The density of the imputed data for each imputed dataset is showed in magenta while the density of the observed data is showed in blue. The distributions between the observed dataset and the imputed dataset are fairly similar.

densityplot(new_dt_i) 

Another useful visual take on the distributions can be obtained using the stripplot() function that shows the distributions of the variables as individual points. Below we see the imputed points (in magenta) within reasonable range with the observed dataset.

stripplot(new_dt_i, pch = 20, cex = 1.2)

Relational Database

Before we begin our relational database journey, we need to make sure we have variables to base the join and connect the datasets. Our goal is to combine the plant functional trait dataset with another vegetation dataset from HAVO. ### Join another dataset

havoplots <- read.csv("havoplots.csv")

Keys, keys, keys

Remember our unique ID creation for the original dataset? The original dataset lacks a primary key or a key that uniquely identify an observation in a table, so that’s why we created one. The new, unique “id” field is also known as a surrogate key. This will act as our primary key for the original dataset now.

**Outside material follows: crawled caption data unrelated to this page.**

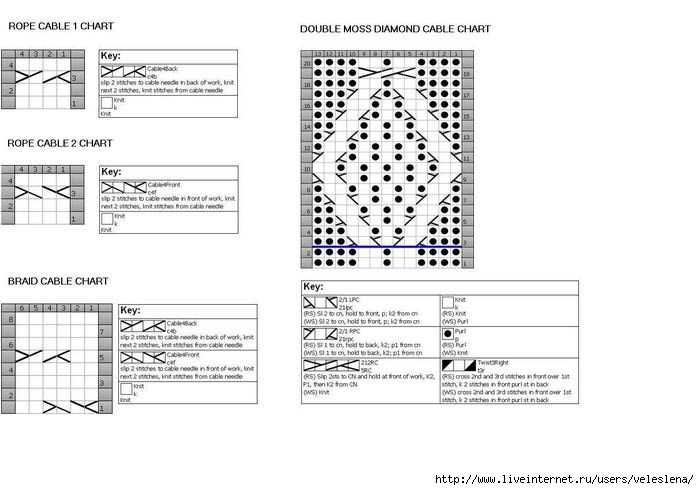 Knit bodysuit pattern
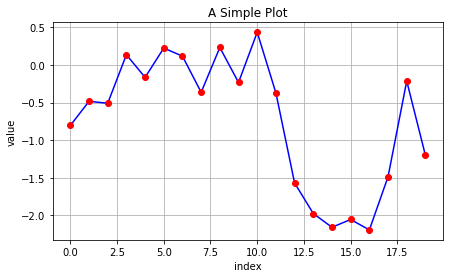 15 种最常用的 matplotlib 可视化图表（附 Python 源码）-CSDN博客
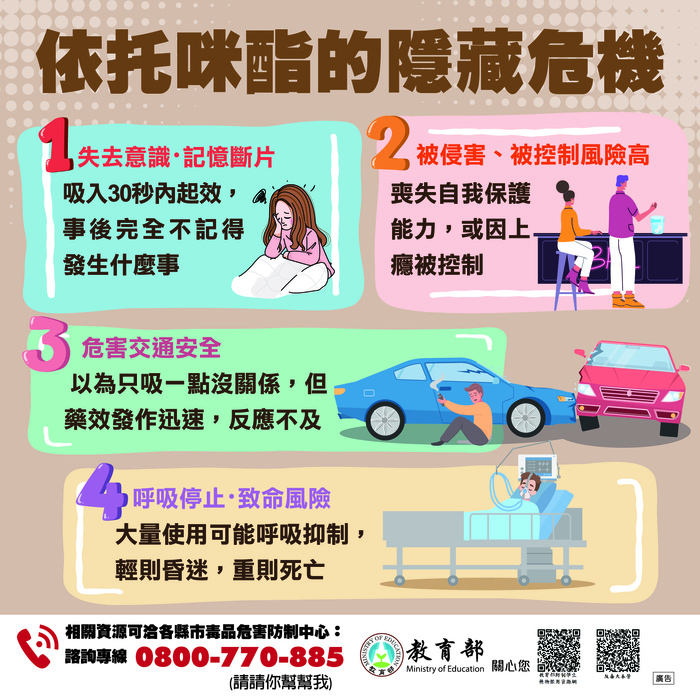新型態電子煙彈(含依托咪酯)宣導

Here’s a snippet of the havoplots dataset, fully loaded with a unique ID (a surrogate ID that was created in the same way as above) AND the original havo functional trait dataset:

library(dplyr)

havoplots_uid <- mutate(havoplots,id = dplyr::row_number(Plot_Code)) # Creating a surrogate key for havoplots dataset based on column Plot_Code

havoplots_uid_2 <- havoplots_uid %>% select(id, everything()) # Moving the surrogate "id" key to the first column

havoplots_snip <- havoplots_uid_2[1:5, 1:5] # Creating a snippet of the data table for viewing purposes

kable(havoplots_snip) %>% # Displaying a snippet of the HAVO plot
  kable_styling(bootstrap_options = "striped", full_width = T, position = "center")
id Plot_Code Project_Name Provisional.Community.Name NVC_Elcode
1 HAVO.0001L Hawaii Volcanoes National Park Leptam-Dodvis/Melmin_Shrubland CEGL008164
2 HAVO.0002L Hawaii Volcanoes National Park Schcon-Melmin_Grassland CEGL008169
3 HAVO.0003L Hawaii Volcanoes National Park Schcon-Melmin_Grassland CEGL008169
4 HAVO.0004L Hawaii Volcanoes National Park Metpol/Leptam_Woodland CEGL008132
5 HAVO.0005L Hawaii Volcanoes National Park Sparse CEGL008132
kable(show_new_dt) %>% # Displaying a snippet of the HAVO functional trait table
  kable_styling(bootstrap_options = "striped", full_width = T, position = "center")
id UTM_X UTM_Y Species Plot Cover METPOLcov
131 266654 2138394 ANDVIR 2012 0.02 0.00
164 270444 2138782 ANDVIR 2026 0.10 0.32
152 267456 2140371 ANDVIR 2030 0.01 0.13
226 273367 2140273 ANDVIR 2053 0.01 0.07
233 274006 2139901 ANDVIR 2054 0.05 0.15

Tables x2

It’s 2 table party time! Remember: the original dataset’s “id” column will act as the primary key. The HAVO plots dataset’s “id” column will act as the foreign key.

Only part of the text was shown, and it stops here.